[WHAT TO DO] Each line from the one containing "PRADA CANDY FOR" to the end of the data must be copied exactly, the first and last included; no other lines and no pictures belong in the copy.

-- -- --

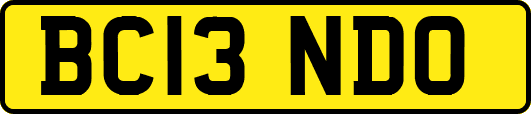 BC13NDO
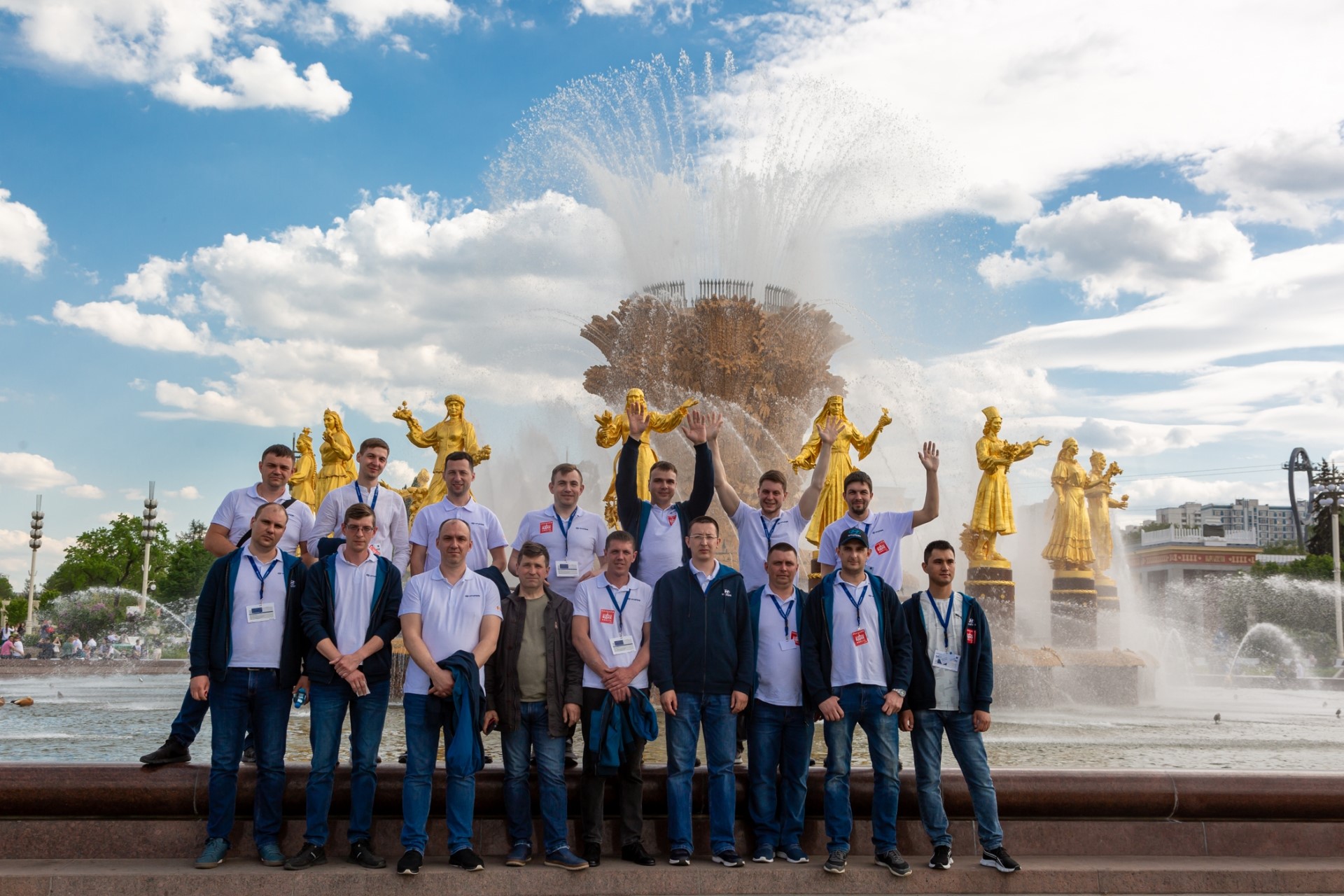 Названы лучшие технические специалисты дилерской сети Hyundai в России и странах СНГ 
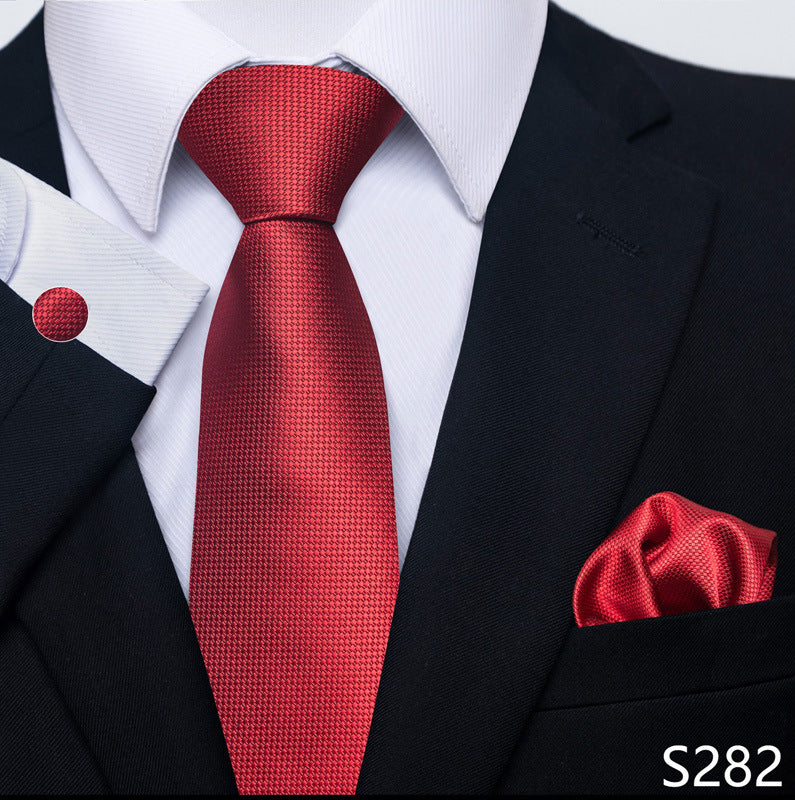Men's Creative All-match Business Formal Wear Tie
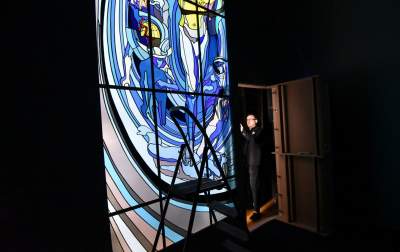 Demontaż dzieła Wyspiańskiego. Misterna robota - zdjęcie 19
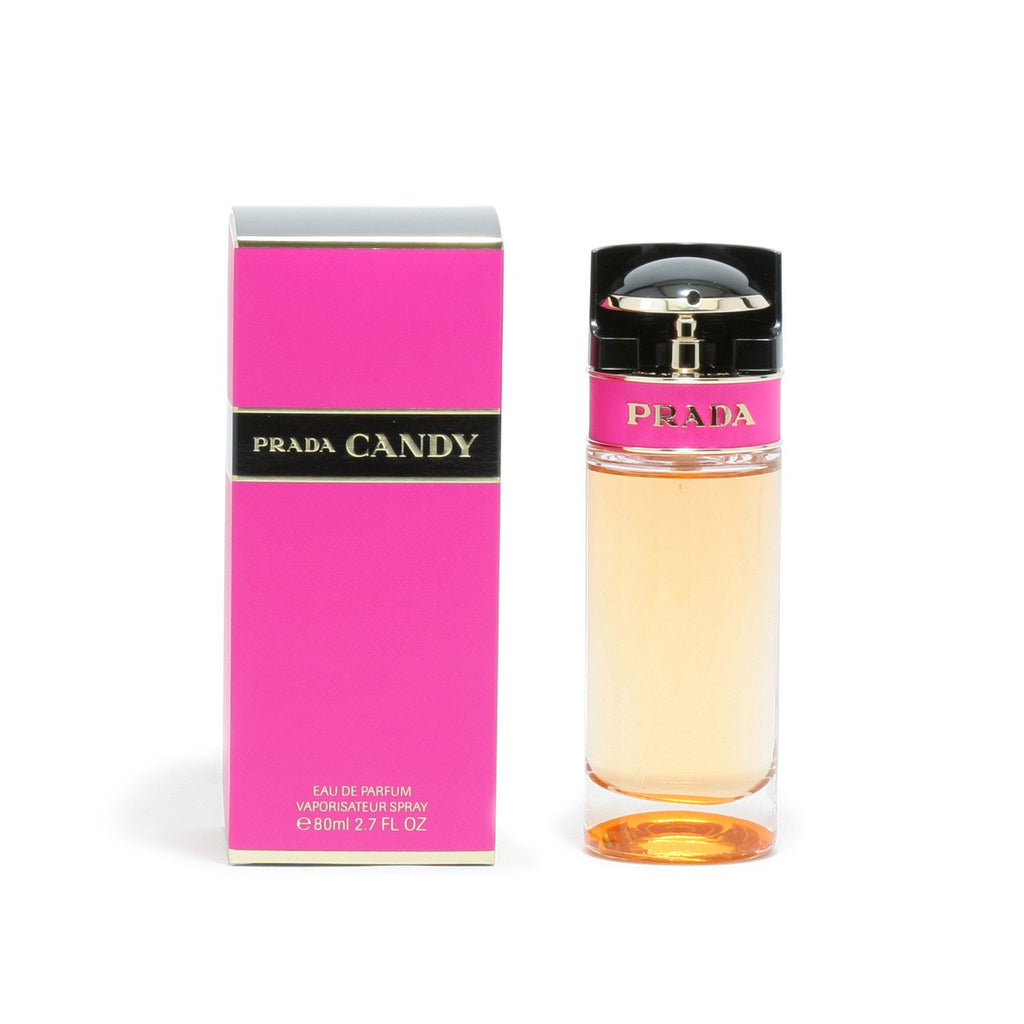 PRADA CANDY FOR WOMEN - EAU DE PARFUM SPRAY – Fragrance Room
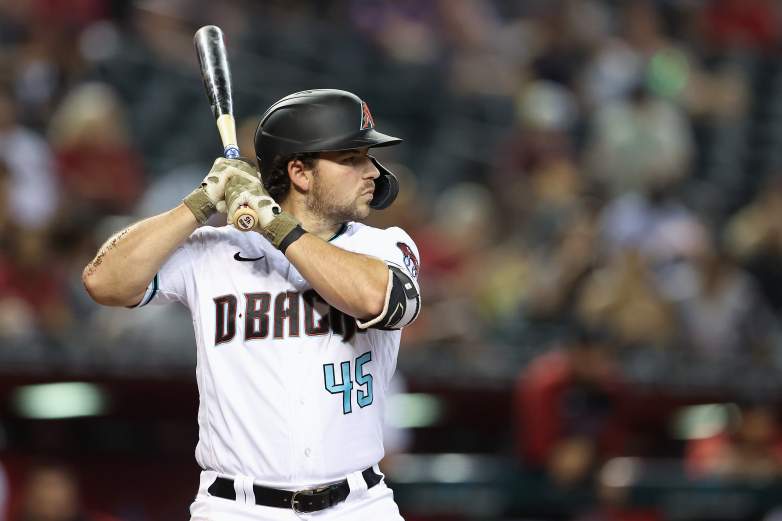 San Francisco Giants v Arizona Diamondbacks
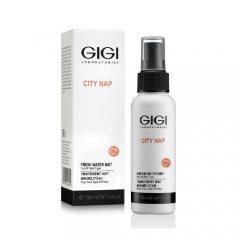 GiGi Лосьон-спрей для лица Водяной туман Fresh Water Mist, 100 мл (GiGi, City Nap)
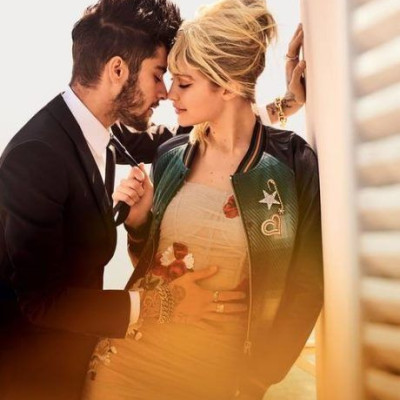 Ερωτευμένοι στη Νάπολη οι Gigi Hadid & Zayn Malik για τη Vogue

-- -- --

[OUTPUT FOR THIS EXERCISE]
 PRADA CANDY FOR WOMEN - EAU DE PARFUM SPRAY – Fragrance Room
 San Francisco Giants v Arizona Diamondbacks
 GiGi Лосьон-спрей для лица Водяной туман Fresh Water Mist, 100 мл (GiGi, City Nap)
 Ερωτευμένοι στη Νάπολη οι Gigi Hadid & Zayn Malik για τη Vogue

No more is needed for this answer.